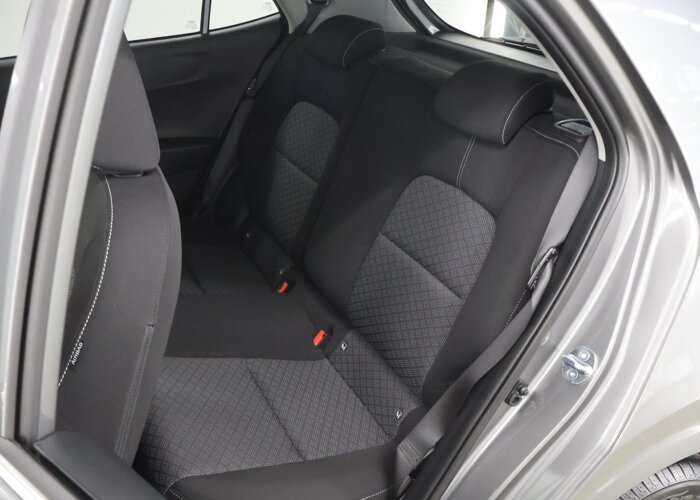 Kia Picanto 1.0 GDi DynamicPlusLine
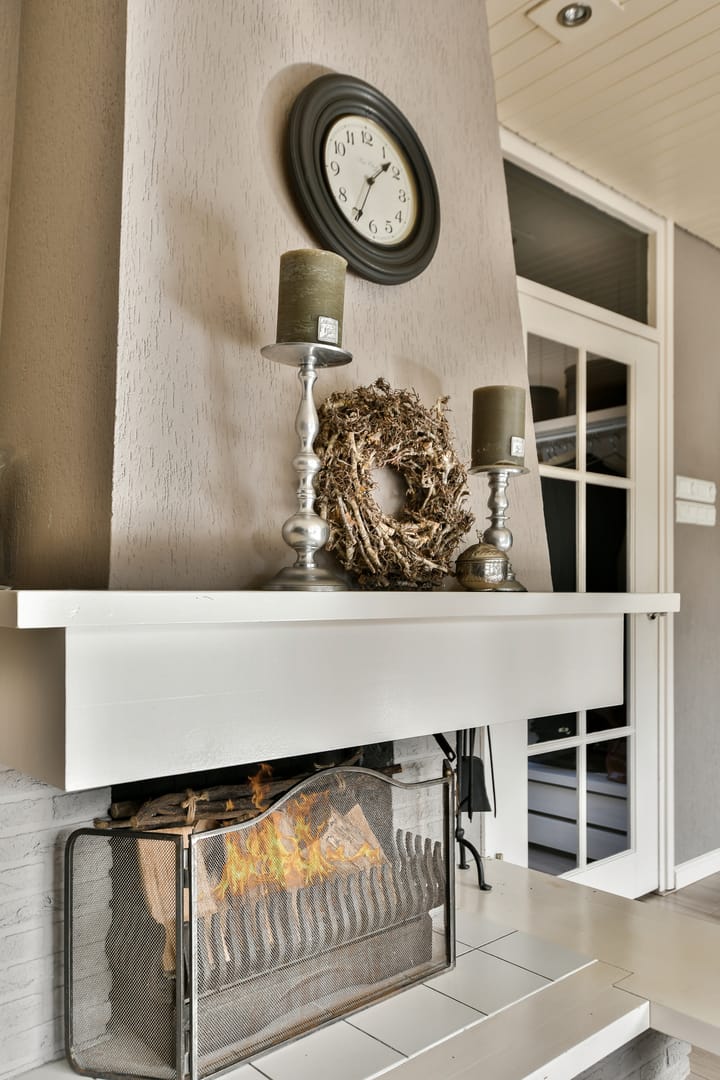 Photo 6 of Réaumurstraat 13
---
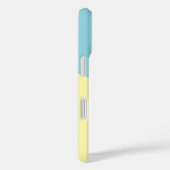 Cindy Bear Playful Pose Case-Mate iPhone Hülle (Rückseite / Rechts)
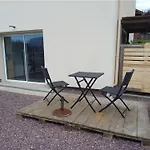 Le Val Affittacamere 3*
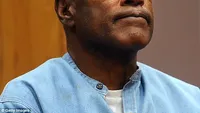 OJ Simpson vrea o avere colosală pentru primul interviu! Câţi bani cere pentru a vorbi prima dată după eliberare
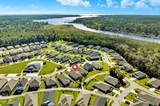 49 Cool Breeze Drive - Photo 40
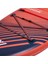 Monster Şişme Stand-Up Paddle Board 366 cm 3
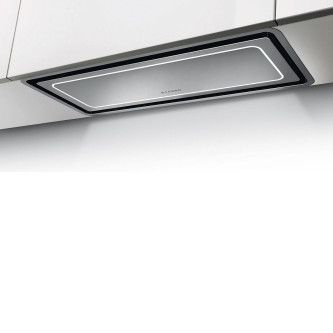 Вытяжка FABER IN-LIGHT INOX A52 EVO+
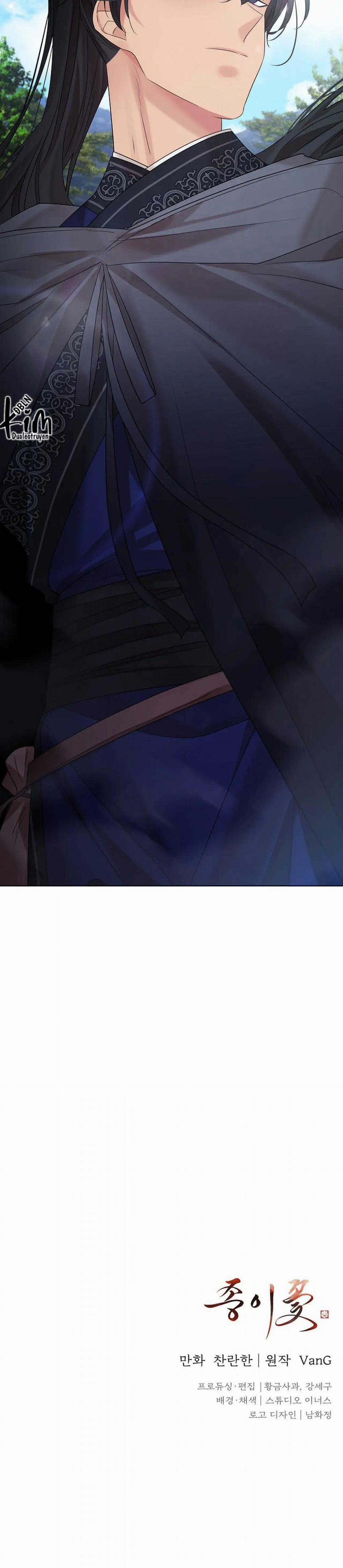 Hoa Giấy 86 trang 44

> [TASK DESCRIPTION]: In the material above, which lines fall between the one holding "Cindy Bear Playful" and the one holding "Monster Şişme Stand-Up Paddle Board 366 cm 3", inclusive? Print exactly those, with the pictures left out.

> [WRITTEN SOLUTION]:
 Cindy Bear Playful Pose Case-Mate iPhone Hülle (Rückseite / Rechts)
 Le Val Affittacamere 3*
 OJ Simpson vrea o avere colosală pentru primul interviu! Câţi bani cere pentru a vorbi prima dată după eliberare
 49 Cool Breeze Drive - Photo 40
 Monster Şişme Stand-Up Paddle Board 366 cm 3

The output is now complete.